De un lado, la oposición se prepara para ocupar el centro político que el actual presidente abandonó ni bien llegó a la Casa Rosada. Para lograrlo, Horacio Rodríguez Larreta debe primar en la interna de Juntos por el Cambio, contra el desembozado giro derechista de su exjefe Mauricio Macri. Y seducir a los sectores más flácidos del oficialismo, en busca del ansiado relato racional capaz de ganarse el porvenir de los poderosos.
En la vereda de enfrente, el acuerdo entre Máximo Kirchner y Sergio Massa pretende blindar la alternancia al interior del peronismo, concretando el viejo sueño del fundador del kirchnerismo que consistía en construir un subsistema nac&pop, con su centroizquierda camporista y su centroderecha renovadora. Para lograrlo, deben cumplimentar con éxito la transición fernandizta.

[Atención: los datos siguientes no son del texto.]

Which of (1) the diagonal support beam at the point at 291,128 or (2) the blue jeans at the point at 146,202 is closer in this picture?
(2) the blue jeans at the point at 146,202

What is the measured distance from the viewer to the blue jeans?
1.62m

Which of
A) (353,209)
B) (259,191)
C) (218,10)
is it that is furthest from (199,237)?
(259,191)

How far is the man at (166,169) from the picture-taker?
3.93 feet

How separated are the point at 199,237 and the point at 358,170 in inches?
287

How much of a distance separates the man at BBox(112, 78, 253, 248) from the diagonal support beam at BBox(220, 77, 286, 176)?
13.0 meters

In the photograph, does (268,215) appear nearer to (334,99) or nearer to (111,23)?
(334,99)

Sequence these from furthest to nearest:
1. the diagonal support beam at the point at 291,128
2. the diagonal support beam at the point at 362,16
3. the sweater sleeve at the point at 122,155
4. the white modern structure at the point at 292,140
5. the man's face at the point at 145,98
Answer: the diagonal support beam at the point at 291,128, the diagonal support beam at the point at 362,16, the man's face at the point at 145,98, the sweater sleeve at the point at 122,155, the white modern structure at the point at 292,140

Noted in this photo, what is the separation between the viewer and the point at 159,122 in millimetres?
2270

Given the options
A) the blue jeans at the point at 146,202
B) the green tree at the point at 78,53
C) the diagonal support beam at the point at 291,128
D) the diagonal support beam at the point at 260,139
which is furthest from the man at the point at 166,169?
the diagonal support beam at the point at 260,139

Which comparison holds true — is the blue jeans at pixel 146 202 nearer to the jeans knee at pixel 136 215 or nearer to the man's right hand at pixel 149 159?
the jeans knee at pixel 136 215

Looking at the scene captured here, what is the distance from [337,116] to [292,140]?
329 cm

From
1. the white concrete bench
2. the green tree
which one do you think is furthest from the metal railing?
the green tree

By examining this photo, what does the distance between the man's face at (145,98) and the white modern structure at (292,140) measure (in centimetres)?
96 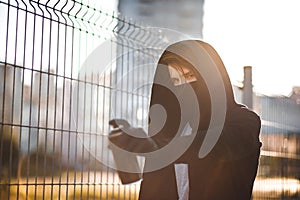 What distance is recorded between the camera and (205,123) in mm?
2242

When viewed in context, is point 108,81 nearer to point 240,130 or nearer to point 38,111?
point 38,111

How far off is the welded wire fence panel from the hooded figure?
0.79m

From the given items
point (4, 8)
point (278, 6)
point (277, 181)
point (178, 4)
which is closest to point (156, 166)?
point (4, 8)

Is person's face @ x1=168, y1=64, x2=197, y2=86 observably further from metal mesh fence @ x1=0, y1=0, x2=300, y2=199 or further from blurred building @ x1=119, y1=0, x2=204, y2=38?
blurred building @ x1=119, y1=0, x2=204, y2=38

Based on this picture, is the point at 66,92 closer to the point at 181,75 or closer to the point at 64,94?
the point at 64,94

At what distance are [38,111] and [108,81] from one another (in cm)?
68

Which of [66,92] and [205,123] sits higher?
[66,92]

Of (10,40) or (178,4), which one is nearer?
(10,40)

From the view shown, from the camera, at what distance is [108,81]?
3.48m

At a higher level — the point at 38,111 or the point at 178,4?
the point at 178,4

El problema de estos diseños estratégicos es su elitismo: la pretensión de que la oferta determina a la demanda; o que la idea formatea a la existencia. Pero hay veces que irrumpe algo inesperado. Que emerge lo que fue expulsado del sistema político para desnudar los armados superestructurales. Hemos visto, hace muy pocos días en Madrid, la fórmula más reaccionaria de estas disrupciones: la ultraderecha racista y neoliberal ganando elecciones por paliza, a un socialismo políticamente correcto y sin imaginación transformadora. Y también hemos visto cómo se hicieron trizas, acá muy cerca, las hegemonías institucionales más consolidadas de la región, arrasadas por sendos torrentes de rebeldía popular.